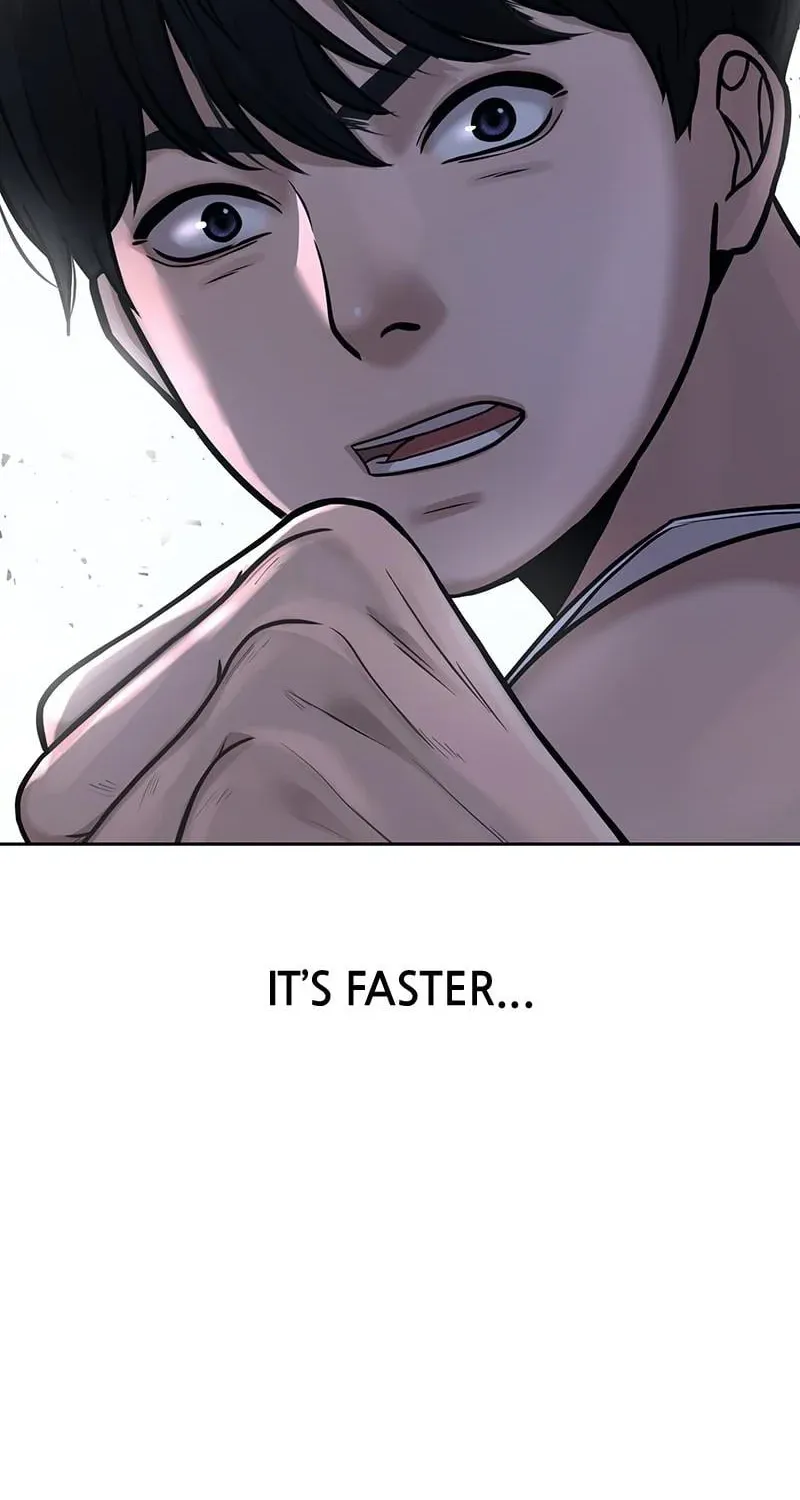 Read Quest Supremacy chapter 6 image 96 on Lezhin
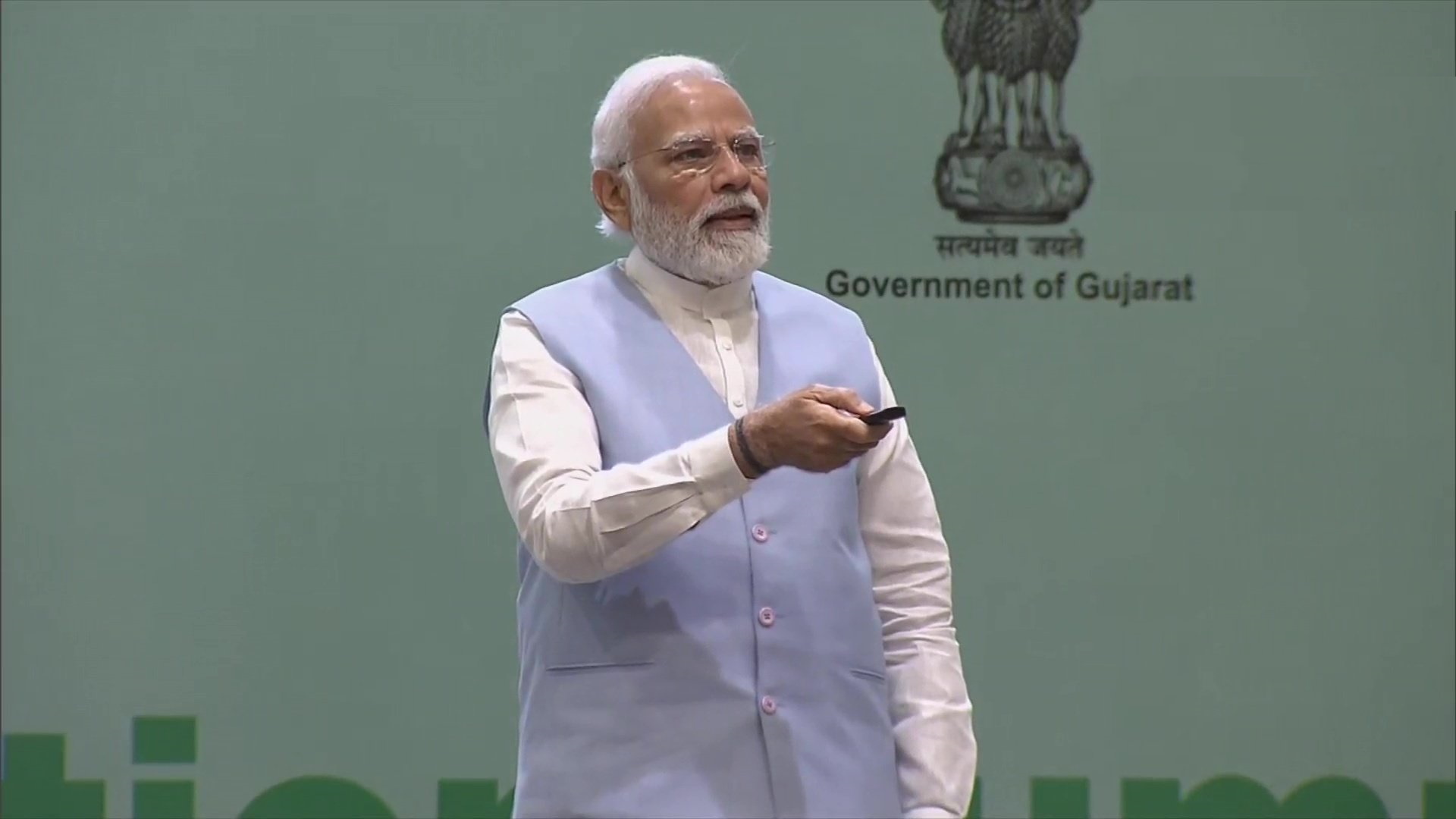 A special 'AYUSH Visa' category will be launched in India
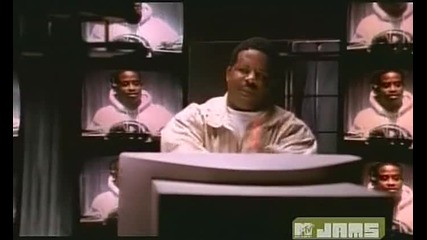 grand puba - i like it - x264 - 1995 - mfi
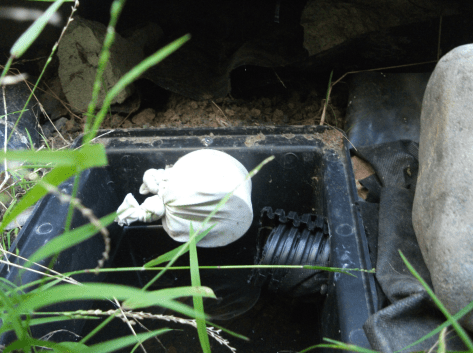 Screen Shot 2018-04-03 at 7.55.17 pm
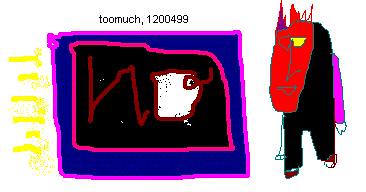 Guía Cultural para el fin de semana Guía Cultural para el fin de semana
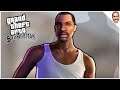 GTA SA | grand Theft Auto: San Andreas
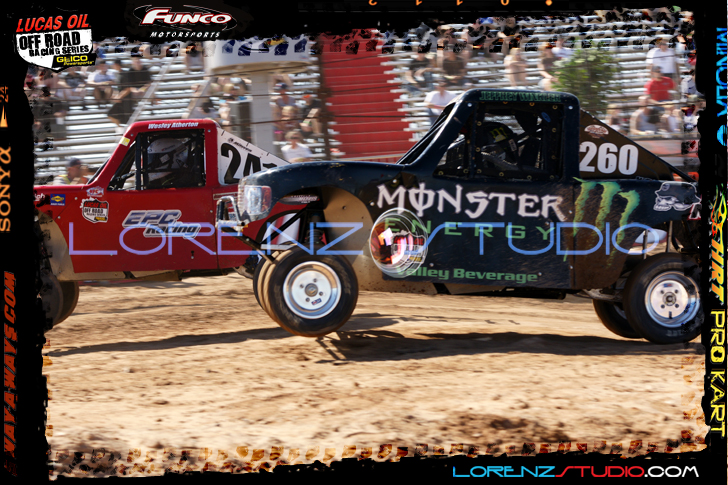 DSC00378LOORRS9M.jpg - SONY DSC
——————————
HOW TO COMPLETE THIS TASK: Repeat the material exactly. Any picture in it should be dropped.

SOLUTION FOR THIS EXERCISE:
 Read Quest Supremacy chapter 6 image 96 on Lezhin
 A special 'AYUSH Visa' category will be launched in India
 grand puba - i like it - x264 - 1995 - mfi
 Screen Shot 2018-04-03 at 7.55.17 pm
 Guía Cultural para el fin de semana Guía Cultural para el fin de semana
 GTA SA | grand Theft Auto: San Andreas
 DSC00378LOORRS9M.jpg - SONY DSC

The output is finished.